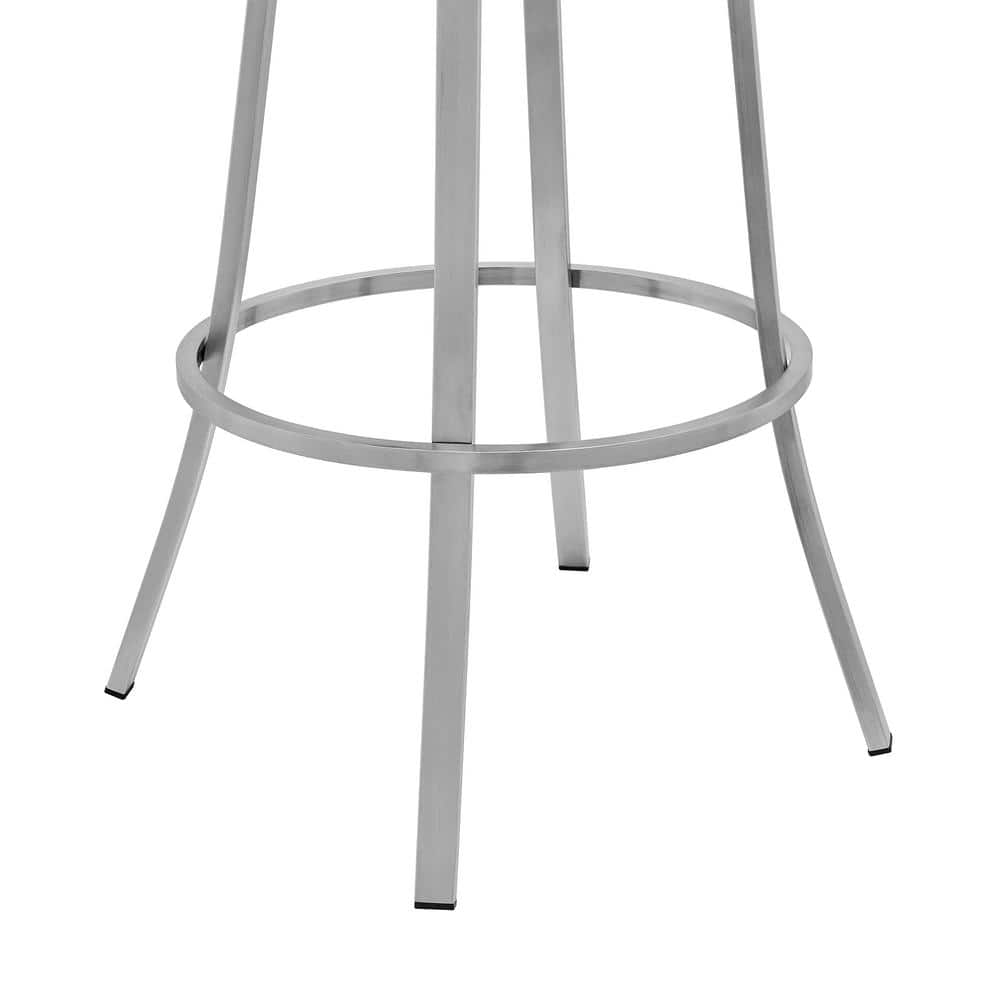 Armen Living Palmdale Brushed Stainless Steel Swivel Modern Faux Leather Bar and Counter Stool LCVLBABSSG30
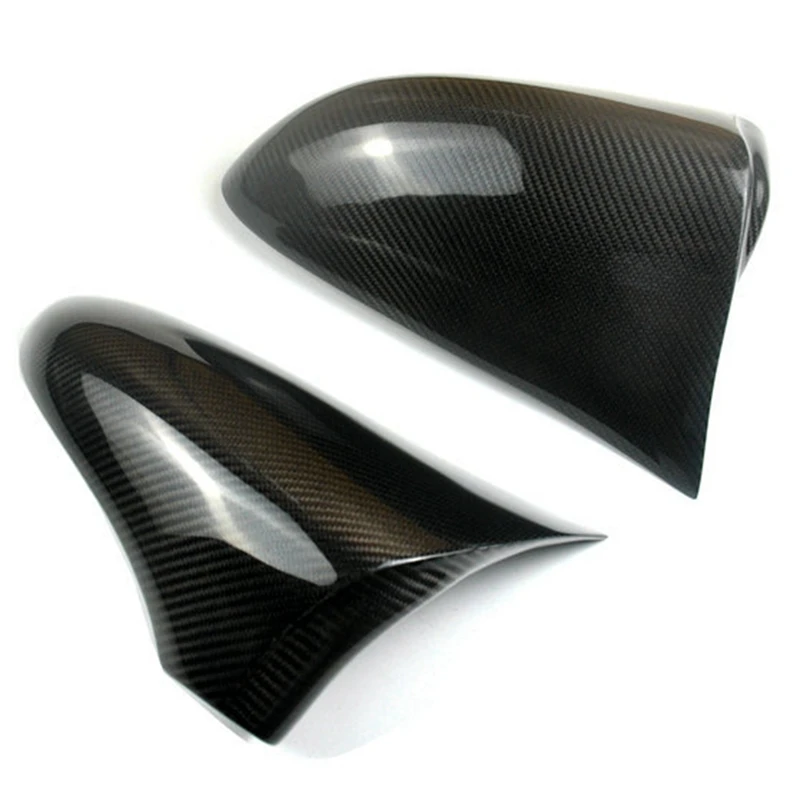 

Rear View Mirror Cover Cap Case Trim Horn Style Carbon Fiber Glossy Black Wing For Lexus Is GS ES RC RCF Right Rudder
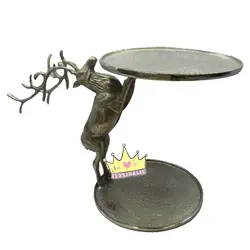 شیرینی خوری دو طبقه گوزن ایستاده نقره ای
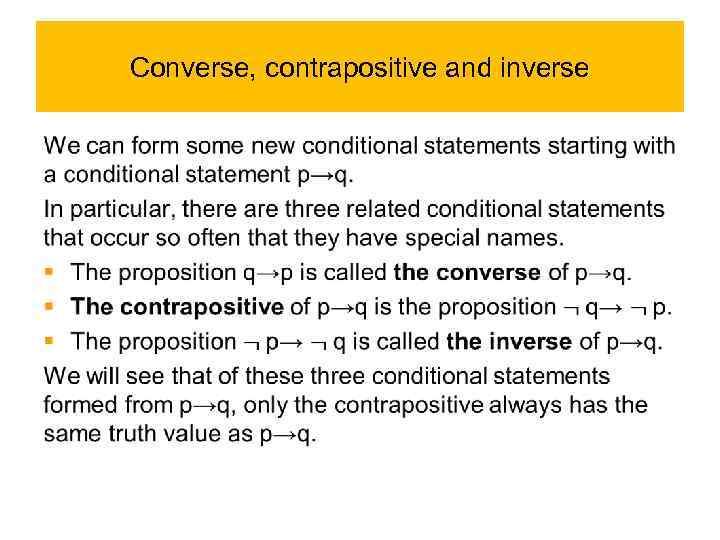 Converse, contrapositive and inverse • 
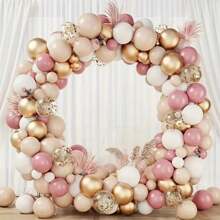 20pcs/40pcs Rose Gold & White Balloon Set, 10-Inch Metallic Pink & Ivory Latex Balloons Suitable For Brides, Christenings, Bohemian Birthdays, Wedding Anniversaries, Indoor & Outdoor Decor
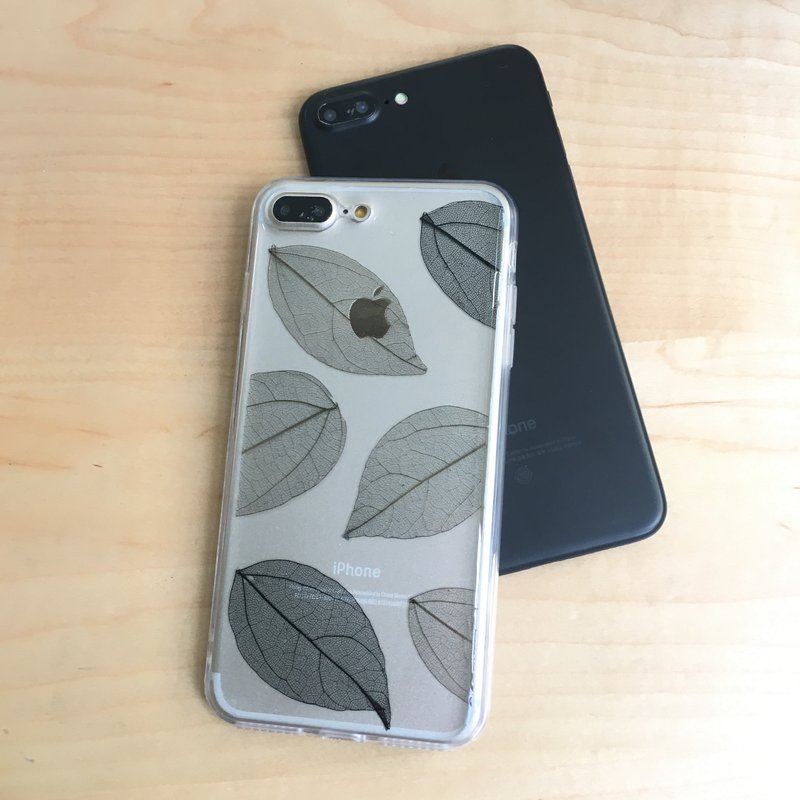 叶色余灰::个性型格叶脉压花手机套pressed flower phonecase - 手机壳/手机套 - 硅胶 灰色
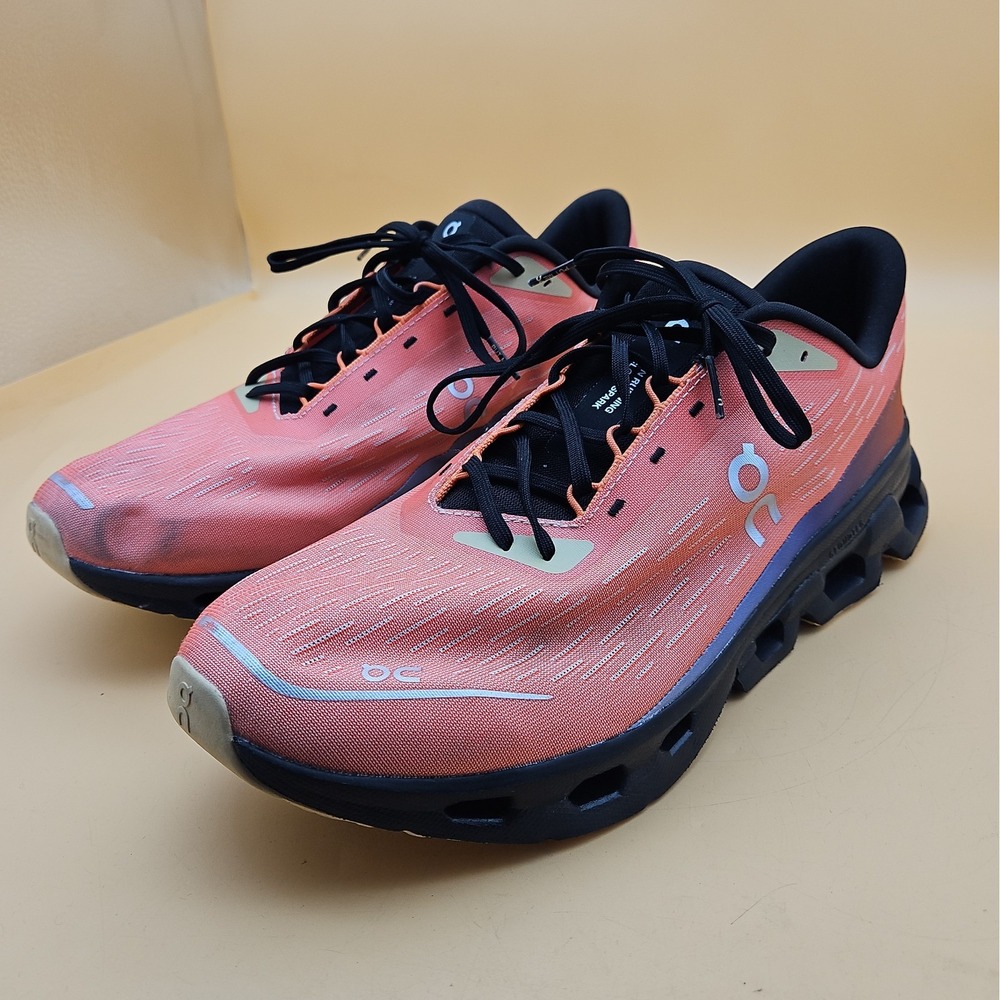 On Cloud Running Shoes Men's Size 12.5 Orange Black Helion Cloudtec Cloudspark - Picture 3 of 11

*****

Work to be completed: All lines from the one containing "Converse, contrapositive and inverse •" through the final line of the entries above must be restated word for word, pictures excluded.

Written reply:
 Converse, contrapositive and inverse • 
 20pcs/40pcs Rose Gold & White Balloon Set, 10-Inch Metallic Pink & Ivory Latex Balloons Suitable For Brides, Christenings, Bohemian Birthdays, Wedding Anniversaries, Indoor & Outdoor Decor
 叶色余灰::个性型格叶脉压花手机套pressed flower phonecase - 手机壳/手机套 - 硅胶 灰色
 On Cloud Running Shoes Men's Size 12.5 Orange Black Helion Cloudtec Cloudspark - Picture 3 of 11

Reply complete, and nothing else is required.